Hak Berpendapat Dibungkam, Rektor Laporkan Ke Mahkamah Etik

Hak Berpendapat Dibungkam, Rektor Laporkan Ke Mahkamah Etik

Read Time:3 Minute, 45 Second

Hak Berpendapat Dibungkam, Rektor Laporkan Ke Mahkamah Etik

Unjuk rasa menolak hasil e-voting dianggap melanggar kode etik dan pencemaran nama baik Rektor UIN Jakarta. Alhasil, aksi tersebut berimbas pada dilaporkannya para pengunjuk rasa kepada Senat Universitas UIN Jakarta.

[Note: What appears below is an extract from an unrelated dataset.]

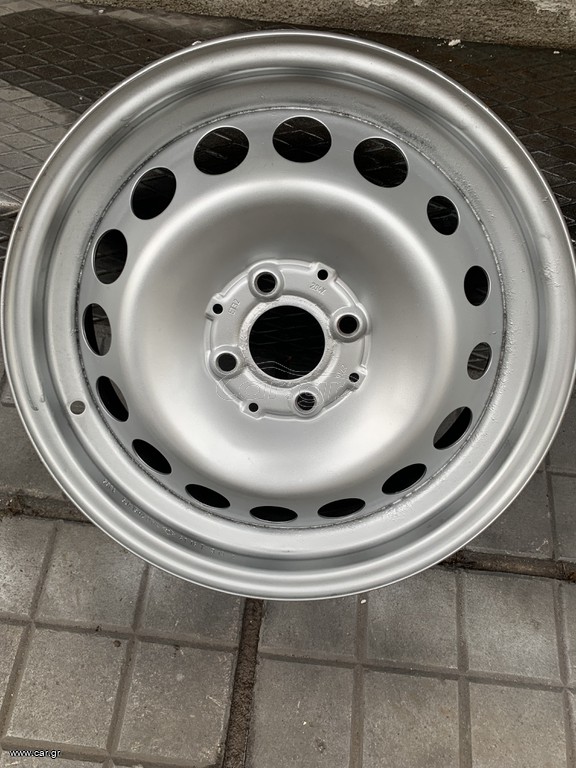 ζάντα 15αρα smart fourfour , four two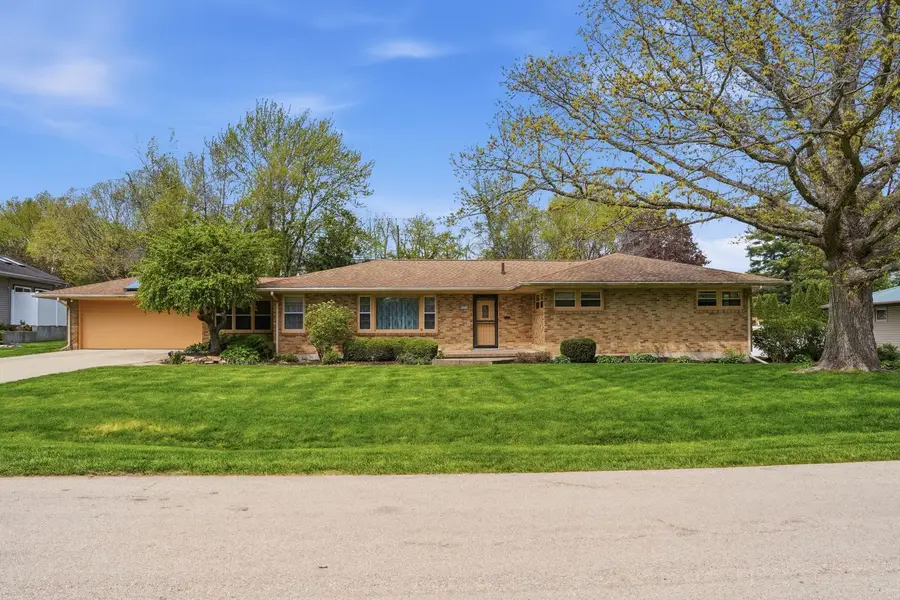 1213 Douglas Terrace, Dixon, IL 61021 - #2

Maret 2019 silam, Universitas Islam Negeri (UIN) Syarif Hidayatullah Jakarta telah usai melaksanakan Pemilihan Umum Raya (Pemira). Pemira tahun ini berbeda dari tahun-tahun sebelumnya. Sebab telah menerapkan sistem e-vo-ting hasil dari kebijakan Rektor UIN Jakarta Amany Burhanuddin Umar Lubis.

Pemira yang dilaksanakan pada Selasa (19/3) lalu, mulanya berjalan DEngan kondusif dan tenang, tetapi seusai perhitungan suara situasi mulai berubah. Pada pukul 20.00 WIB, Ruang Aula Madya lantai 1 sebagai tempat perhitu- ngan total suara mulai ramai dikerumuni sekelompok mahasiswa.

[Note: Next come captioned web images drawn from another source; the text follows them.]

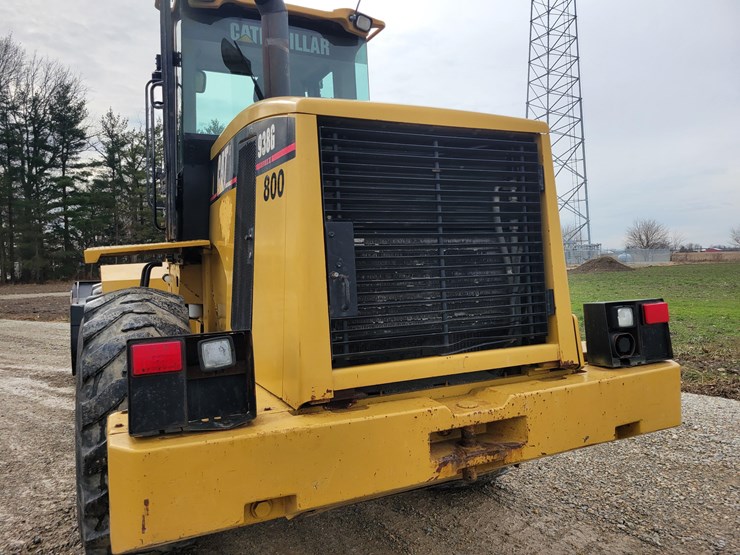 2004-caterpillar-938g-image-11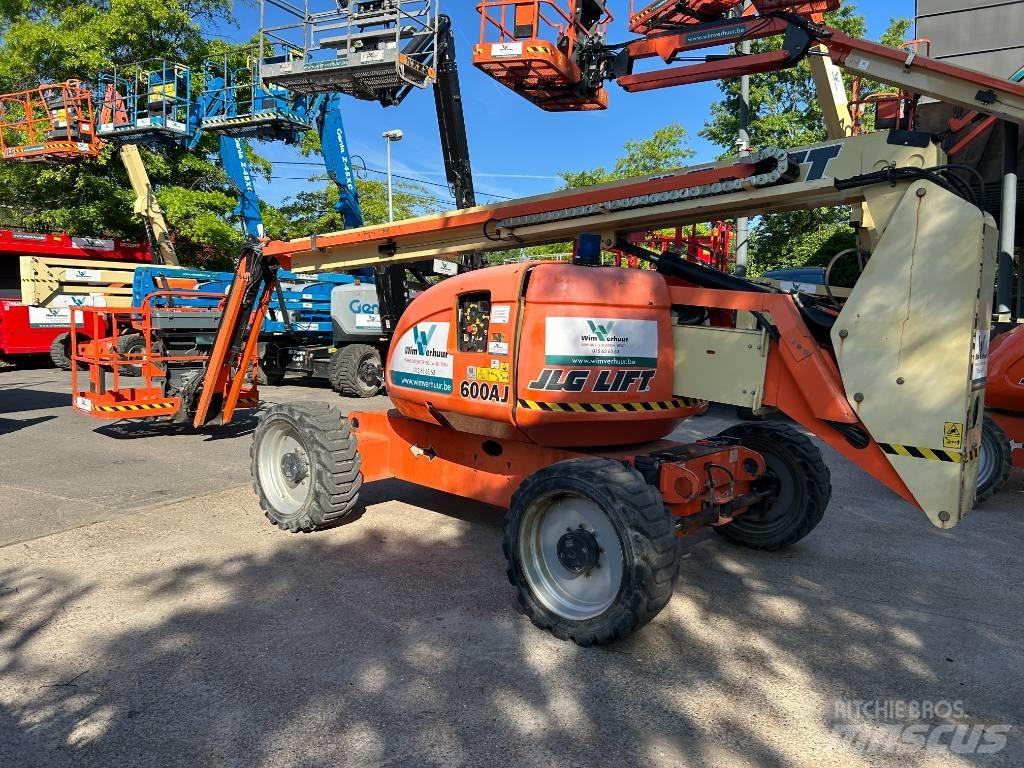 JLG 600 AJ رافعات سلة مفصلية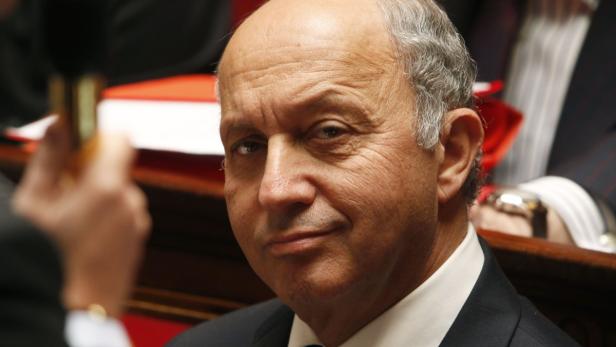 French Foreign Affairs Minister Laurent Fabius attends the questions to the government session at the National Assembly in Paris April 9, 2013. REUTERS/Charles Platiau (FRANCE - Tags: POLITICS HEADSHOT)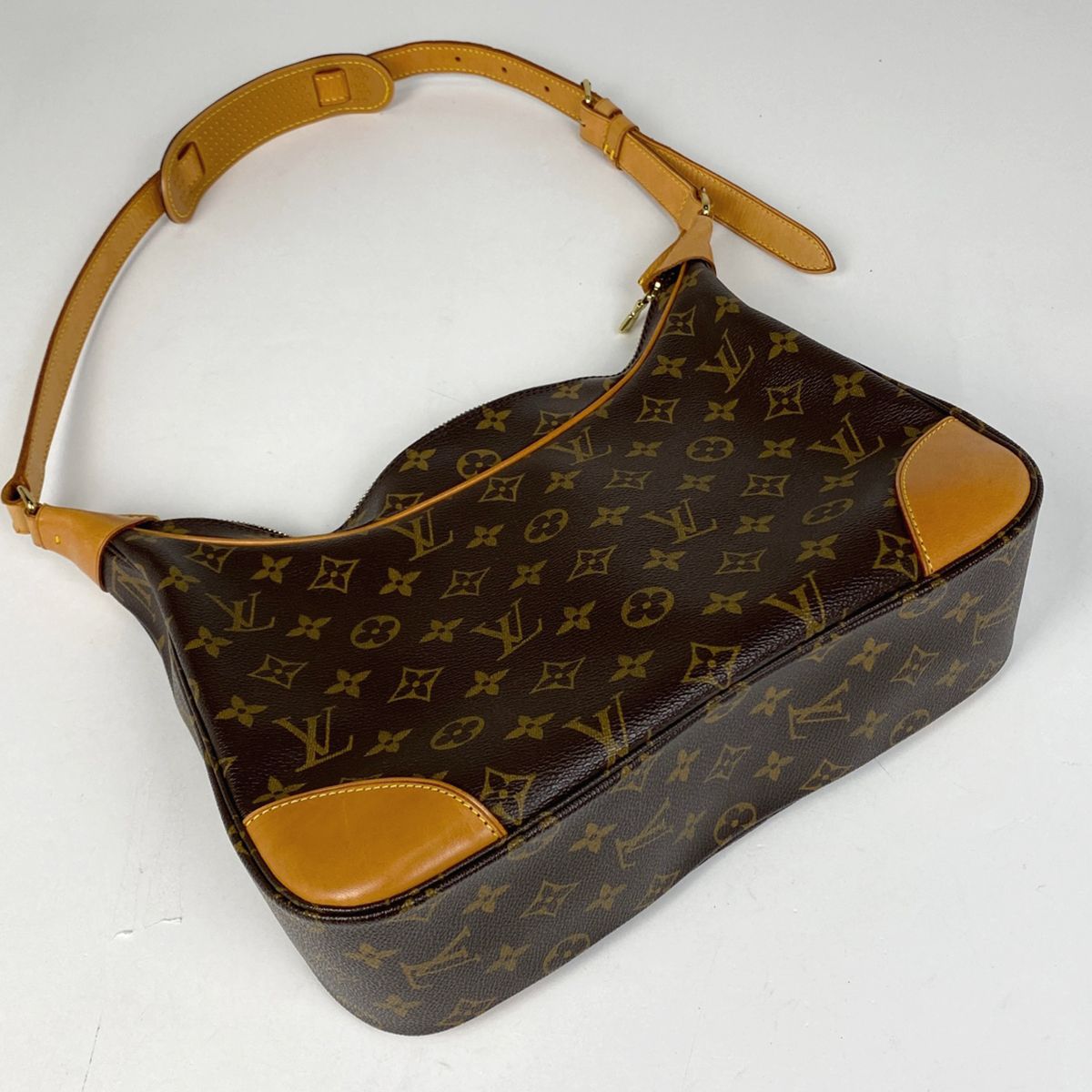ルイ・ヴィトン Louis Vuitton ブローニュ 30 肩掛け ショルダー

Situasi kampus kian memanas kala sekelompok mahasiswa beralih menuju parkiran Student Center untuk melakukan aksi, lantaran adanya indikasi kecurangan hasil perhitungan e-voting. Aksi tersebut diwarnai kericuhan antar mahasiswa, namun berhasil dibubarkan oleh petugas keamanan kampus.

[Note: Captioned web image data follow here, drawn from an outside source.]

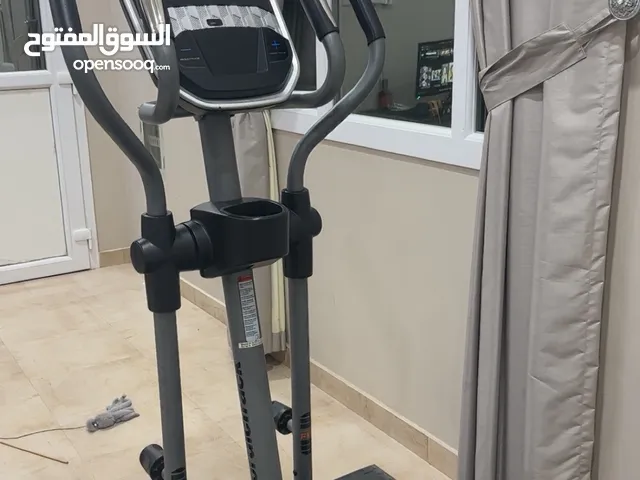 جهاز مشي الدراجه غير مستعمل و شغال و اموره طيبه تعال و شله
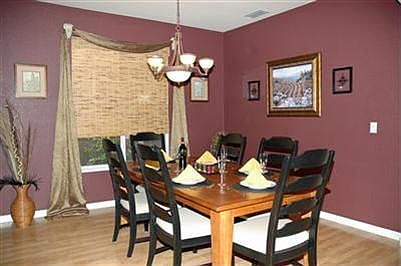 4th image of 330 Mahonia Cir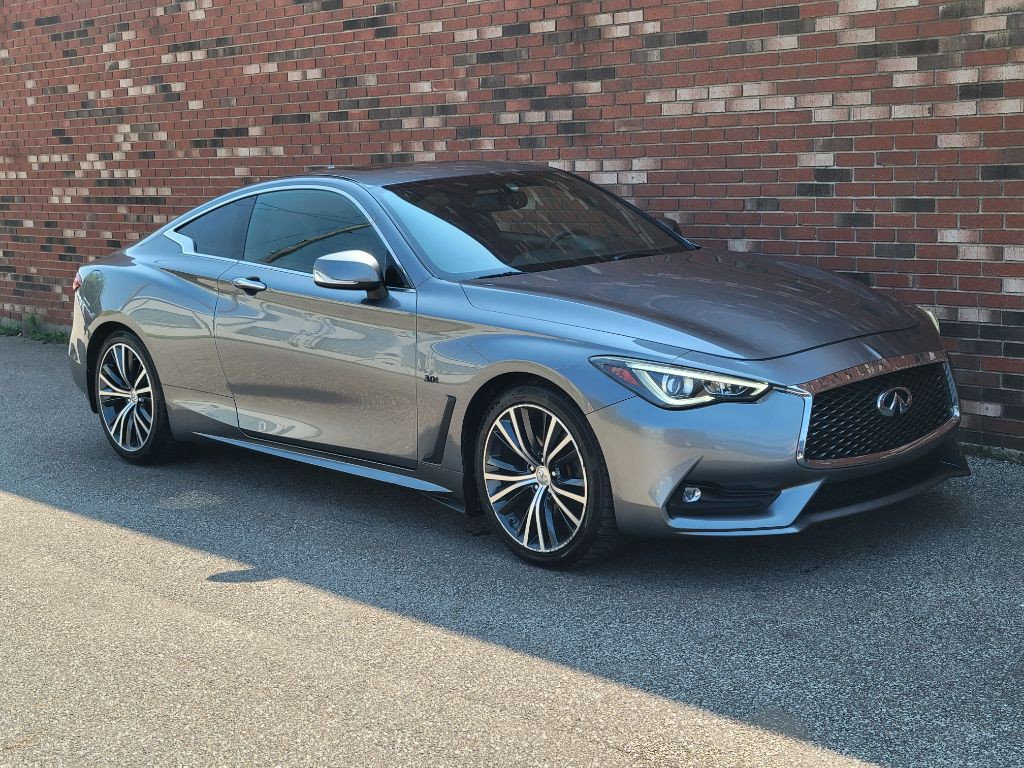 2017 INFINITI Q60 Image 10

Tak hanya sampai disitu, massa kemudian bergerak ke depan Fakultas Tarbiyah dan Ilmu Keguruan (FITK)  untuk melanjutkan aksinya, tetapi kali ini dengan disertai atribut spanduk yang bertuliskan “Tolak E-Voting” hingga pukul 24.00 WIB. Perihal aksi ini, Wakil Rektor Bidang Kemahasiswaan Masri Mansoer menemui para demonstran untuk membahas perihal hasil e-voting. Massa pun membubarkan diri seusai mendapatkan izin berdemo pada besok hari.

Keesokan harinya Rabu (20/3) pukul 13.00 WIB, sekelompok mahasiswa melanjutkan unjuk rasa dengan mendatangi gedung rektorat menolak hasil e-voting pemira. Melihat massa yang kian berkumpul, Rektor UIN Jakarta Amany Burhanuddin Umar Lubis bertemu dengan para demonstran. Di hadapan mahasiswa, Amany menyampaikan perihal masalah hasil e-voting. Menurut Amany, bila ada kekurangan dengan hasil e-voting, maka akan menindaklanjuti akar sumber masalahnya.

Di sisi lain, unjuk rasa mahasiswa tersebut membuat Amany geram sebab para demonstran dinilai tidak santun dalam melaksanakan aksi unjuk rasa. Hal ini kemudian berujung pada keluarnya surat pelaporan rektor kepada Senat Universitas UIN Jakarta pada 22 Maret 2019 dengan Nomor B-627/R/HM 01 3/02/2019  perihal  pencemaran nama baik.

Isi surat tersebut berisikan pengaduan Amany terhadap aksi para mahasiswa yang menolak hasil e-voting dengan disertai kata-kata kasar. Rektor kemudian mengajukan permohonan kepada Senat Universitas untuk menindaklanjuti laporannya ke Mahkamah Etik agar para pelaku dapat diproses sesuai dengan aturan yang berlaku. Karena hal tersebut telah berimbas pada  pencemaran nama baik dan melanggar kode etik mahasiswa saat berdemonstrasi.

Amany beranggapan, yang ia lakukan adalah upaya untuk menegakan kode etik mahasiswa saat berada di lingkungan kampus. Sebagai bukti laporan, rektor melampirkan gambar-gambar demonstrasi yang beredar. Tak hanya gambar, ia pun juga memiliki bukti lain berupa video yang bisa dilihat di youtube. “Intinya untuk menegakan kode etik,” tegasnya, Senin (8/4). 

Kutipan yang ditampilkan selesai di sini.